Anak sulung dari dua bersaudara itu juga bercerita saat menunaikan ibadah sholat tarawih. Ia lebih memilih sendiri karena lokasi masjid yang jauh dari tempat tinggalnya. Kemudian juga transportasi umum yang tidak beroperasi saat larut malam.

Dia bersyukur puasa tahun ini sudah masuk musim gugur. Di Adelaide sendiri, puasa dimulai pada pukul 06.00 sampai dengan pukul 19.00. Oleh karena itu, lama puasanya tidak jauh berbeda dengan Indonesia sekitar 12-13 jam.

Hal ini beda lagi ceritanya jika puasanya di musim panas. Umat muslim di tempat tersebut harus menahan lapar dan dahaga selama 16 jam. "Dan waktu buka puasa sendiri di pukul 22.00,” kata Wildan dalam pesan resmi yang diterima Republika.

Meskipun puasa di musim gugur, kata pria asal Malang, ini tetap menguras tenaga.
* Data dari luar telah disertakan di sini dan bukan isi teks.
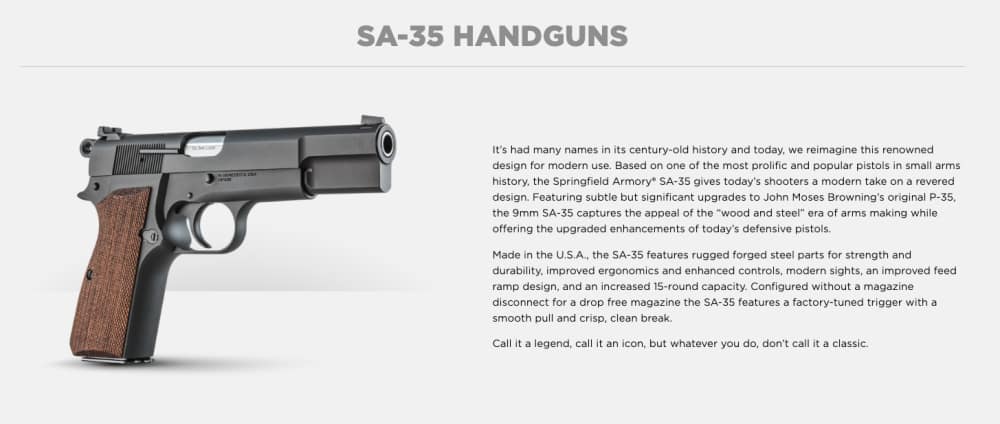 Springfield SA-35 Semi Auto Blued Walnut 9mm 4.7in 1-15Rd Mag HP9201-img-3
Hal itu tak lepas dari jadwalnya yang padat. Apalagi tahun ini adalah tahun pertamanya memulai perkuliahan.

Menurut dia, sepinya Ramadhan di tempat tersebut sedikit terobati dengan adanya komunitas Muslim di kampus. Ada banyak kegiatan menarik seperti bagi-bagi takjil maupun kajian sebelum shalat.

Cerita unik juga dialami Wildan selama puasa di sana. Karena banyak teman-teman kuliahnya yang tidak tahu tentang ibadah puasa, sering kali dirinya ditawari makanan ataupun jajanan. Bahkan tak jarang, di sana mahasiswa mengadakan pesta dan barbeque di siang hari sehingga mengundang nafsu makannya.

"Kalau dapat tawaran makanan, biasanya saya tolak dan mengatakan kalau saya sedang puasa. Kebanyakan kaget dan malah balik bertanya balik mengenai puasa dan Islam. Jadi sebagai sarana dakwah tipis-tipis juga," ucapnya.

Dia tidak menampik Ramadhan tahun ini memberikan kesedihan tersendiri bagi dirinya. Sebab, kenikmatan berpuasa bersama keluarga tidak dapat ia rasakan. Namun makna Ramadhan paling utama adalah bagaimana bsia menjalin hubungan dengan Allah SWT dan juga manusia. Selain itu sebagai sebagai sarana memperbaiki diri untuk menjadi manusia yang lebih baik.